Caracas, la cumpleañera. Caracas, mi casa grande. ¡Nuestra casa grande! Soy un caraqueño nato, aferrado a mi país y a mi ciudad. Ni siquiera las circunstancias más adversas me han hecho pensar en abandonarla. Esa relación extraña entre Caracas y mi soledad de la que no quiero liberarme. Durante un tiempo, en el programa de radio, afectado por el estado deplorable y descuidado que lucía, me dio por hacer una campaña y repetir, una y otra vez, la importancia de que la cuidáramos como quien atiende su casa. “Caracas, nuestra casa grande”: con esta frase pretendía sensibilizar a quienes con el mayor desparpajo del mundo, la ensucian, la atropellan, la descuidan, la agreden, sin importarles que es el lugar donde vivimos. Santiago de León de Caracas se hace añeja y envejece sin gracia. Y aun así, esa Caracas rota, sin dientes, todavía me sonríe.
Caracas, mujer vejada por sus maridos maltratadores, que la atiborran de problemas casi en la misma proporción de años que cumple de fundada. Una ciudad que deja con la boca abierta a quienes la visitan por primera vez por dos razones contrastantes: su hermosura y su violencia. Con su cerro Ávila, que a veces me impide respirar. Cerro imponente y majestuoso que nos abraza sin distingos.
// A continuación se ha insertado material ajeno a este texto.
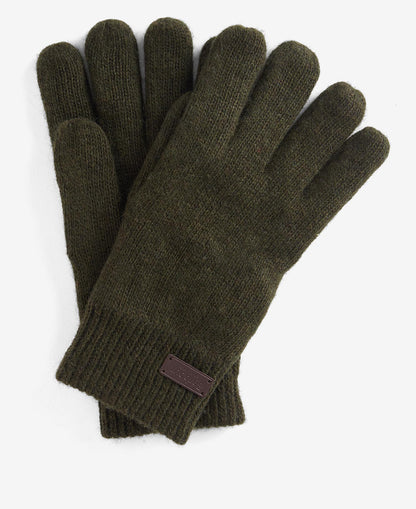 BARBOUR - CARLTON DARK GREEN GLOVES
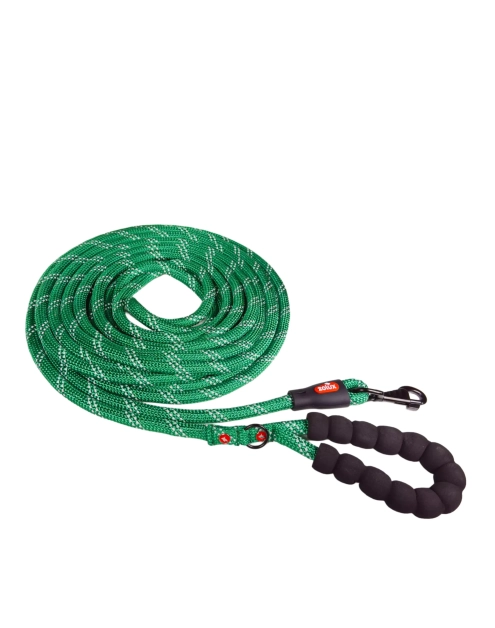 Zdjęcie: Smycz sznurowa dla psa 6 m x 13 mm zielona ZOLUX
Una ciudad donde todavía es fácil ver guacamayas azules surcando el cielo. Una ciudad sumisa y feroz. Un infierno del que el caraqueño jamás se muda.
En Caracas, cada mañana es como la última vez. Un regalo de sobresaltos y embelesamientos de una dama que rechista ante la indolencia de quienes la habitan. Por eso, se encabrita. Para despertarnos del letargo que nos hace indolentes. Para ver si en algún momento, nosotros, que somos sus hijos, sus amantes y sus torturados, reaccionamos. Y la ponemos en el lugar donde debería estar. Le devolvemos los atributos que la hicieron en alguna época “la sucursal del cielo”.
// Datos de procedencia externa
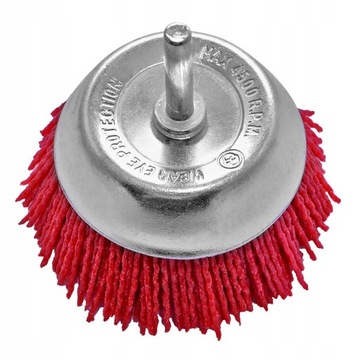 Szczotka nylonowa z ziarnem ściernym O75 mm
Un rostro tan arrugado y marchito, como el que hoy muestra nuestra ciudad, no se justifica. Apenas cumple 448 años. Y eso no es mucho, si lo comparamos con los muchos que cargan a cuestas las vetustas ciudades del viejo continente. Esas señoras europeas que han sabido engalanarse y despertar en sus habitantes admiración y pasión. Como la del amante, complaciente y enamorado, rendido ante la belleza de su amada y dispuesto a dar todo por ella. La nuestra, la Caracas malquerida, hoy quiere deshacerse de los harapos con los que la hemos adornado. Y arrancar de sus calles ese olor a rancio que la perfuma. Porque Caracas huele mal. Huele a herrumbres y a basura arrojados sin pudor y dejadez en las esquinas.
Somos muchos a quienes nos duele. Pero, son muchos más los que la ignoran. Y nada se logra. Avances y retrocesos de una danza que solo perjudica a Caracas. Que la hace inhabitable.
Alocada. Desquiciada. Que la hace ruidosa y escandalosa. Desbordada en atributos y defectos. Una ciudad que nos hace adictos a su ritmo y que nos enseña a tomar precauciones. Una ciudad donde los niños no necesitan dirección. Pero, donde las calles ya no son los escenarios de sus juegos.
Una urbe de aire contaminado que El Ávila se afana en purificar. Ciudad descuidada que nos imponemos ver con ojos de cariño. Con su río innavegable, que arrastra en su trayecto las miserias que le arrojan. Una capital que atrae al buscador de nuevas fortunas. ¿Qué deseas que te regalemos? ¿Acaso conciencia ciudadana? Muchos a quienes les hice esta pregunta me respondieron que nuevos mandatarios. Otros, mejores ciudadanos. Otros, calles limpias de malandros y de basura. Hubo quien sugirió jardines cuidados o plazas donde sentarse a cualquier hora, sin miedo, a contemplar la vida. ¿Ves? Sólo quieren cosas buenas para ti. Al final, todos compartimos y nos identificamos con el mismo sentimiento: somos caraqueños que queremos ponernos en sintonía con tus exigencias. Y a pesar de todo, esa Caracas sin nomenclaturas sigue vistiéndose de autenticidad.
Yo, por mi parte, quiero que en la Caracas de mi futuro, todo no sea suficiente.